Ask others what worked for them. Try things out, remember you should be comfortable doing whatever it might be, because you may be doing it for a long time. Consistency is key.

You can also contact me to discuss specific issues to see if we can come up with some ideas specific to your needs.

Practical Parenting Tip ...Putting Gratitude in Our Attitude

Dealing with family issues during the holidays is one of the most discussed topics around this time of year..

 

If we think about what are some of the most stressful issues we face during the holidays , we usually think about family relationships and discourse.

 

How can we turn that around and be grateful for what we have?

 
We often try to do it all we seek the “perfect holiday”, yet when we do stress accompanies us.

 

Stress can take many forms:

 

  1. emotional stress which can include coping with family tensions

 

  1. financial stress, especially this year and always if you are living on a fixed income

 

  1. physical stress – trying to do too much and not taking into account our physical limitations add to that overindulging and ignoring our physical needs…too much  shopping cooking feasting

 

How to stay calm around the craziness

 

ASK your friends if there are any ways that  work for them when dealing with family issues and can they share them ?

 

There are ways to work with family issues if you think ahead. Try to think and recognize family and behavior patterns which are recurring.  Chances are they will occur again, but this time you can be prepared.

 

You can try to think positive, that this time will be different and hope that it will be, but chances are they will repeat the past..…So you can make the difference in yourself,

 

Try these 4 steps to tranquility.

 

  1. Relax your mind and body, tense and relax muscle groups, deep breathing exercises, imagine your favorite place and put yourself there in your mind.
  2. My favorite,  I am big on lists.  Make a list of your hopes and fears, then write down next to the list your past experiences.

          Knowing what has happened gives us a reality check

  1.  Choose one of those fears.  Visualize what happened  in the past  practice the relaxation technique stay calm.
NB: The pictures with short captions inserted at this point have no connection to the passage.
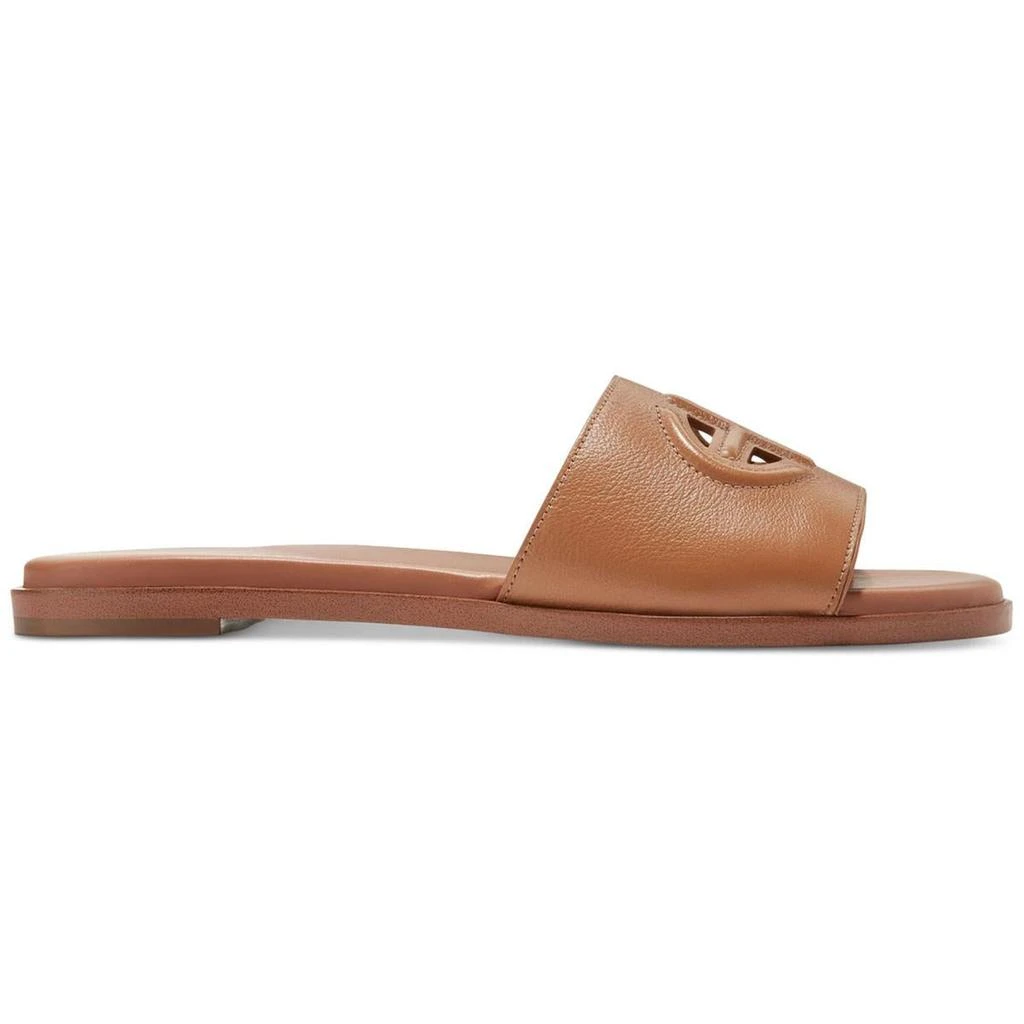 Cole Haan FLYNN Womens Leather Slip on Flatform Sandals 2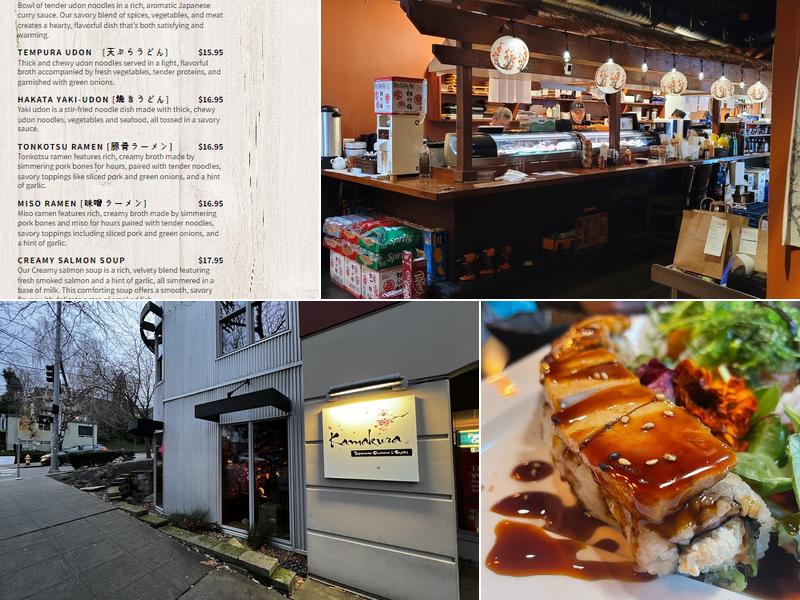 Kamakura Japanese Cuisine and Sushi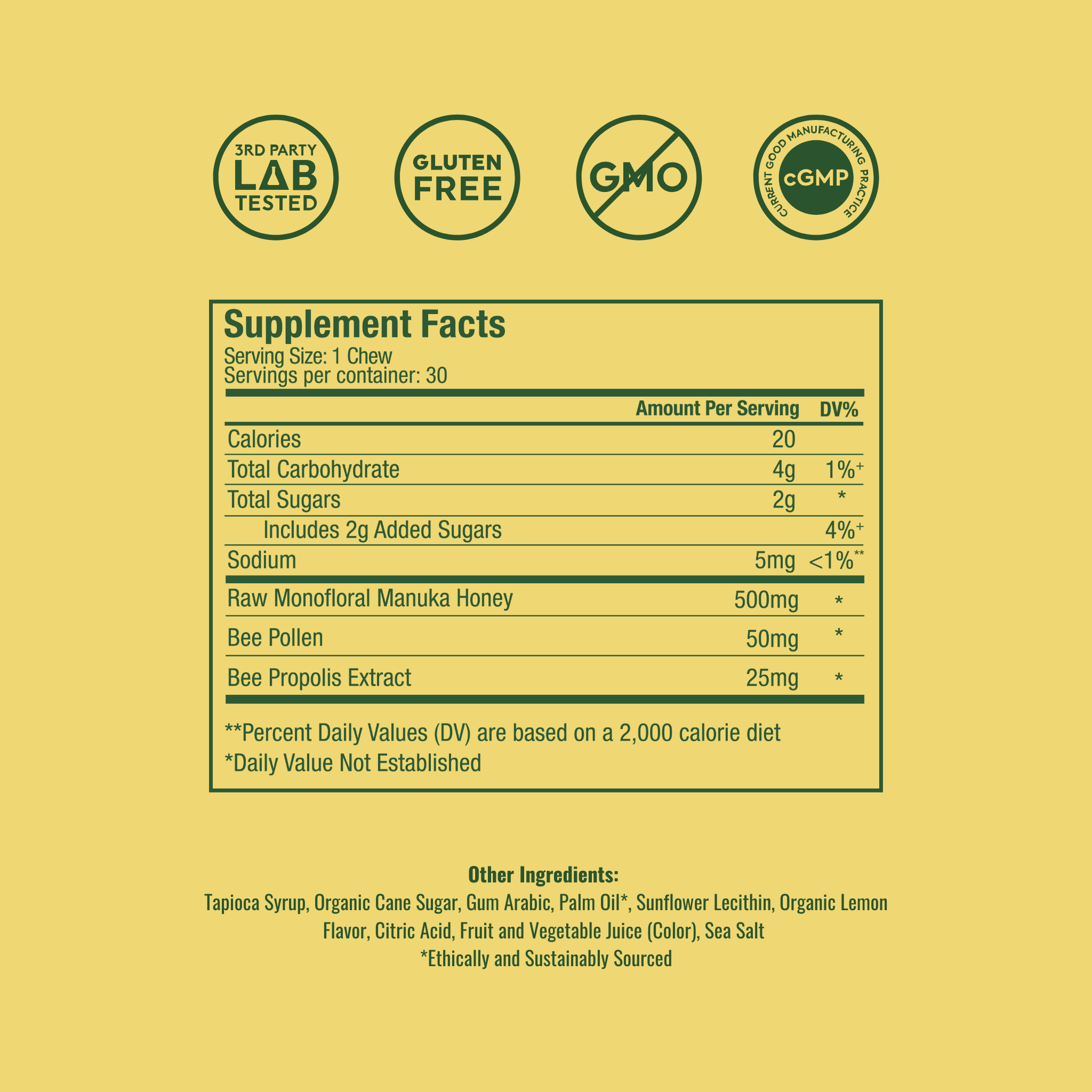 WonderBee Chews-Plant People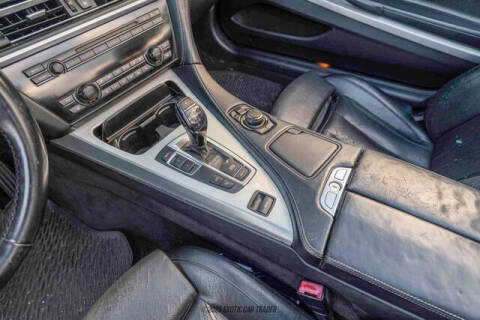 2012 BMW 6 Series 650i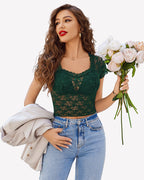 Short Sleeve See Through Shirts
Think about how you are feeling.  When whatever you have imagined happens, tap into that calmness
  2. When it happens, whatever it is, disengage…these are adults- you may react to the situation differently because you will be prepared for it

 

Simplify, do what is important to you, and skip some others things, look for shortcuts and ask for help.  You may be surprised at how much others are willing to help and contribute to make everyone's holiday special.